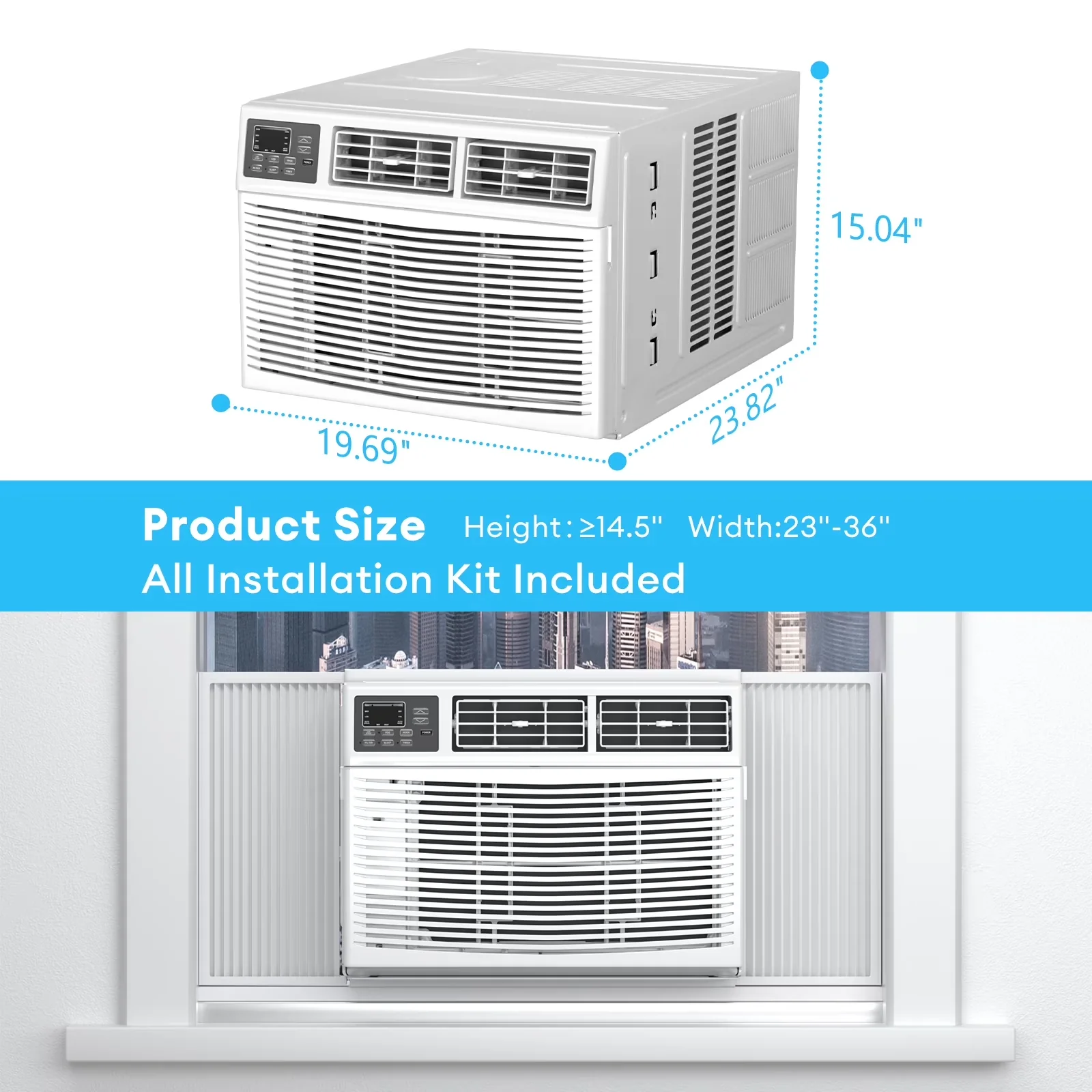 Air Conditioner Stylish with 18000 BTU, Timer, Energy Efficient - White Model 49DB1F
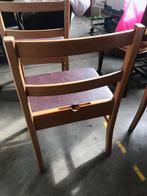 4 kerkstoelen met opbergvak en lederen zit, Antiek en Kunst, Antiek | Meubels | Stoelen en Sofa's, Ophalen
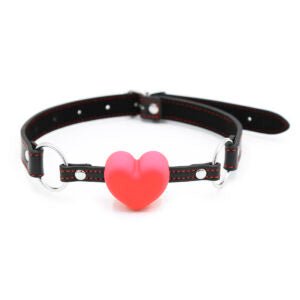 BLACK Heart Ball Gag With Black Strap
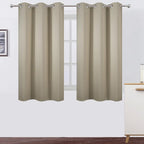 Beige Blackout Curtains 34 x 54 Inch Length/Set of 2 Curtain Panels/Thermal by Lemomo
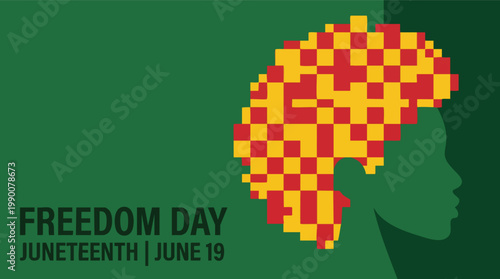 Minimalist Juneteenth illustration featuring a pixelated afro profile and Freedom Day text on a green background to celebrate June 19th.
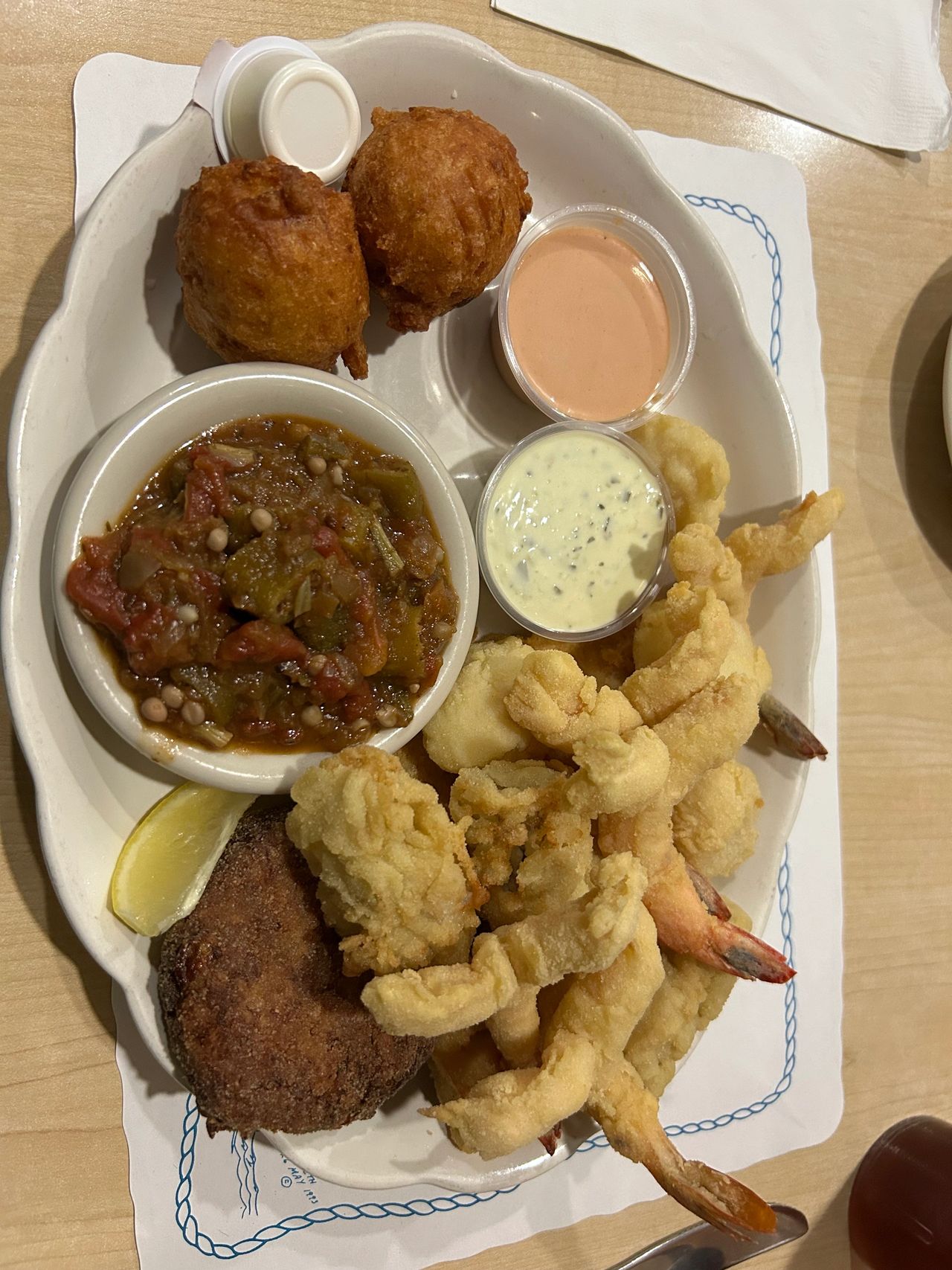 Fried seafood from O'Steen's Restaurant in St. Augustine, Florida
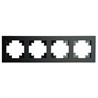 Рамка 4-местная, стекло, STEKKER GFR00-7004-05М, серия Катрин, черный матовый - фото 98922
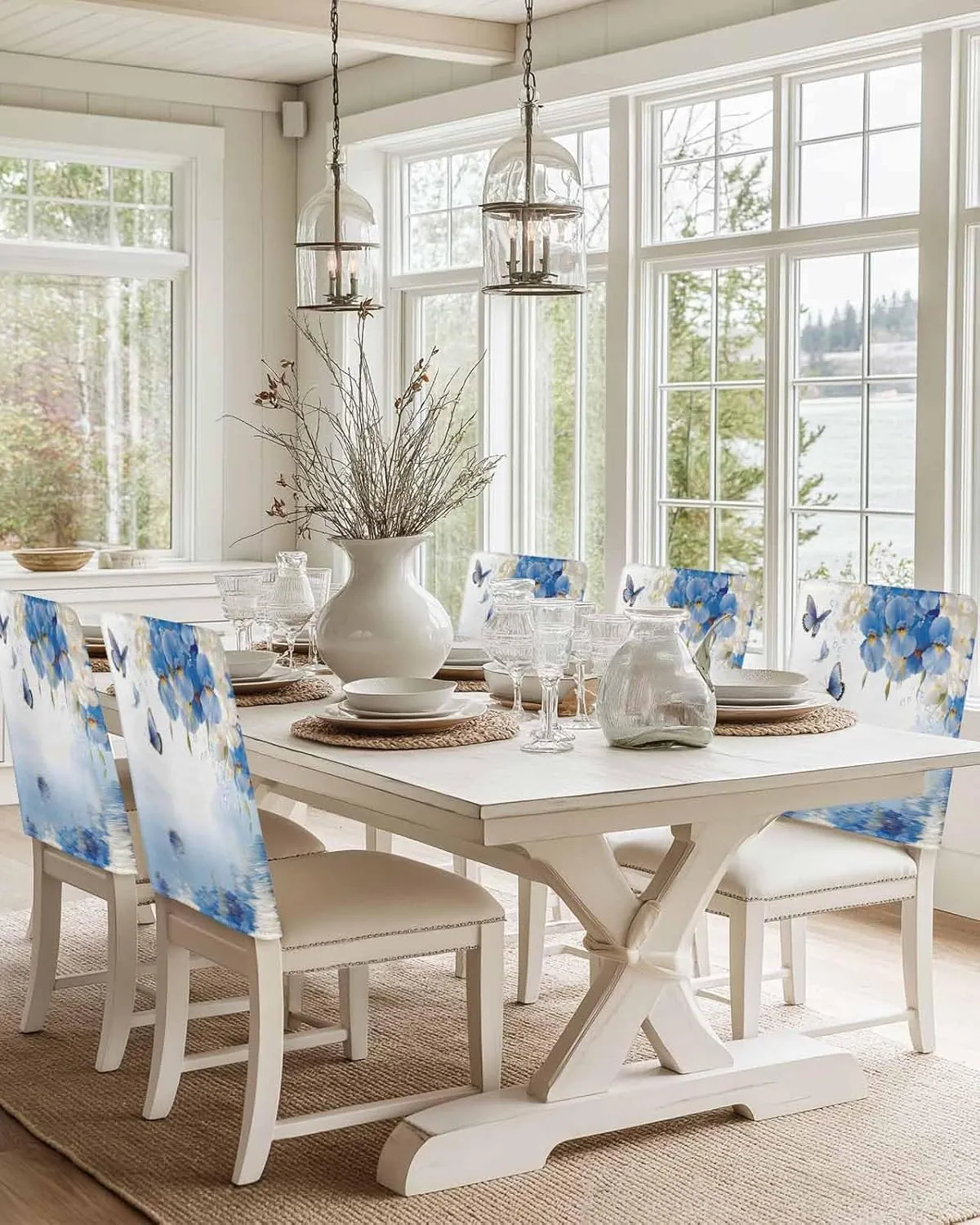 Chair Covers Set of 4 Butterfly Blue-White Flowers Flower Chair Back Covers Stretch Removable Washable Slipcovers Seat Protector for Dining Room Kitchen Party Decor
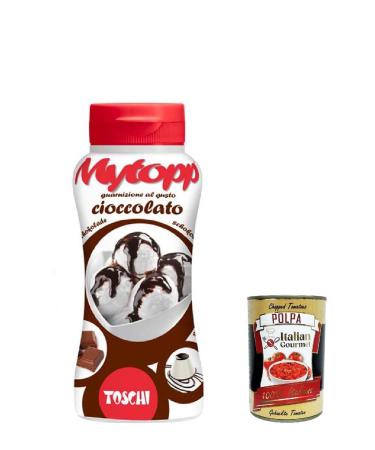Italian Gourmet E.R. Toschi Topping Squeeze Cioccolato Set of 3 Chocolate Sauces for Coffee Cocktails Ice Cups Porridge Pancakes and Pastries 200g + Italian Gourmet Polpa 400g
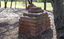 Brick sculptures installed among sheoaks.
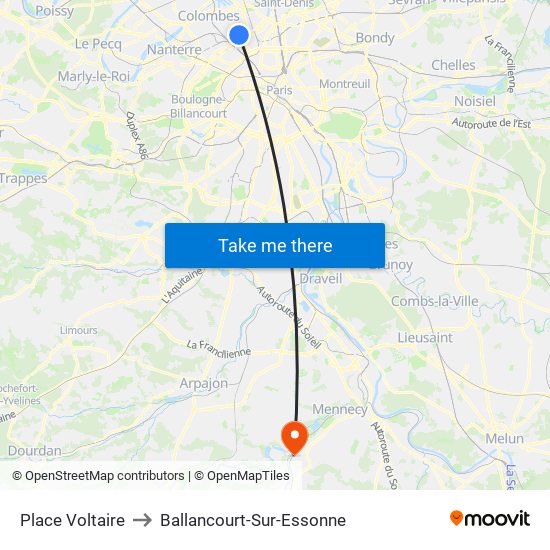 Place Voltaire to Ballancourt-Sur-Essonne map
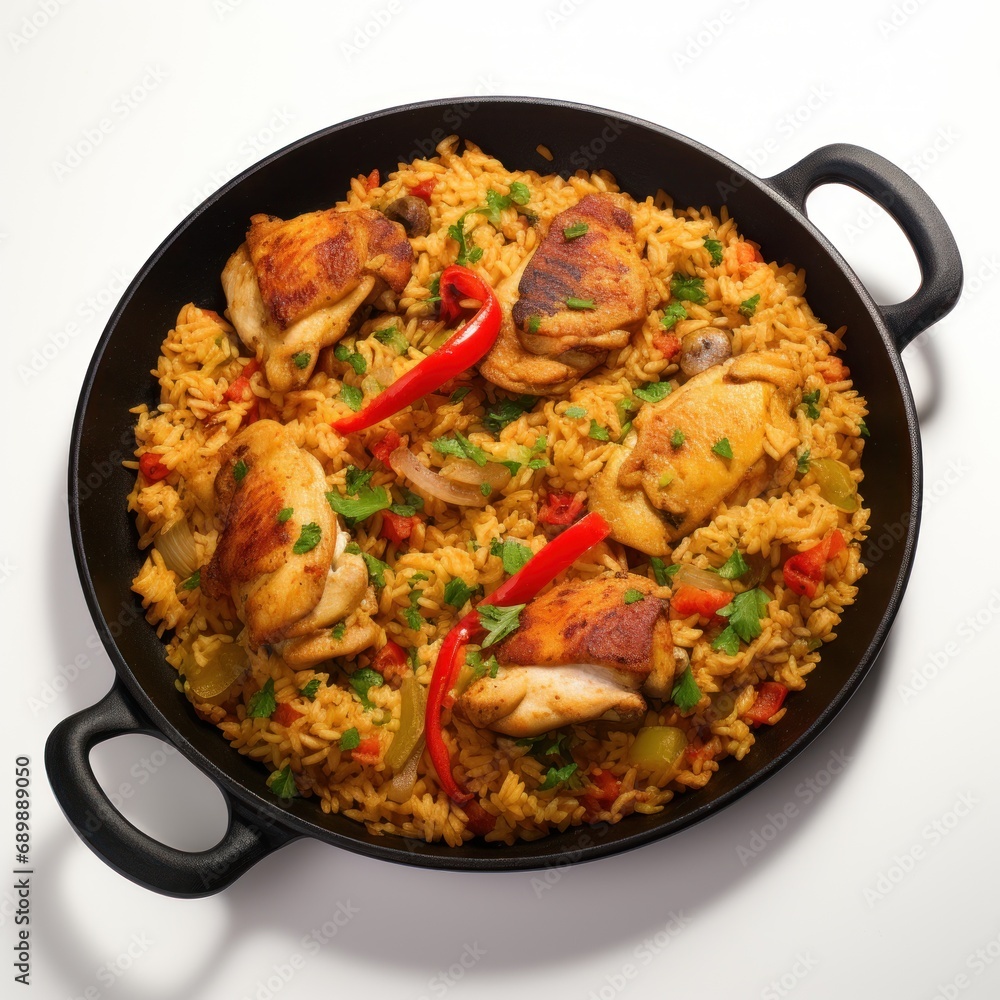 Spanish paella on the white background Spanish paella on the white background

···

### What is expected:
Return only the lines running from the start of the entries above to the line that contains "Brick sculptures installed among sheoaks.", inclusive, and omit every picture.

### Reply to the exercise:
 Air Conditioner Stylish with 18000 BTU, Timer, Energy Efficient - White Model 49DB1F
 4 kerkstoelen met opbergvak en lederen zit, Antiek en Kunst, Antiek | Meubels | Stoelen en Sofa's, Ophalen
 BLACK Heart Ball Gag With Black Strap
 Beige Blackout Curtains 34 x 54 Inch Length/Set of 2 Curtain Panels/Thermal by Lemomo
 Minimalist Juneteenth illustration featuring a pixelated afro profile and Freedom Day text on a green background to celebrate June 19th.
 Fried seafood from O'Steen's Restaurant in St. Augustine, Florida
 Рамка 4-местная, стекло, STEKKER GFR00-7004-05М, серия Катрин, черный матовый - фото 98922
 Chair Covers Set of 4 Butterfly Blue-White Flowers Flower Chair Back Covers Stretch Removable Washable Slipcovers Seat Protector for Dining Room Kitchen Party Decor
Italian Gourmet E.R. Toschi Topping Squeeze Cioccolato Set of 3 Chocolate Sauces for Coffee Cocktails Ice Cups Porridge Pancakes and Pastries 200g + Italian Gourmet Polpa 400g
 Brick sculptures installed among sheoaks.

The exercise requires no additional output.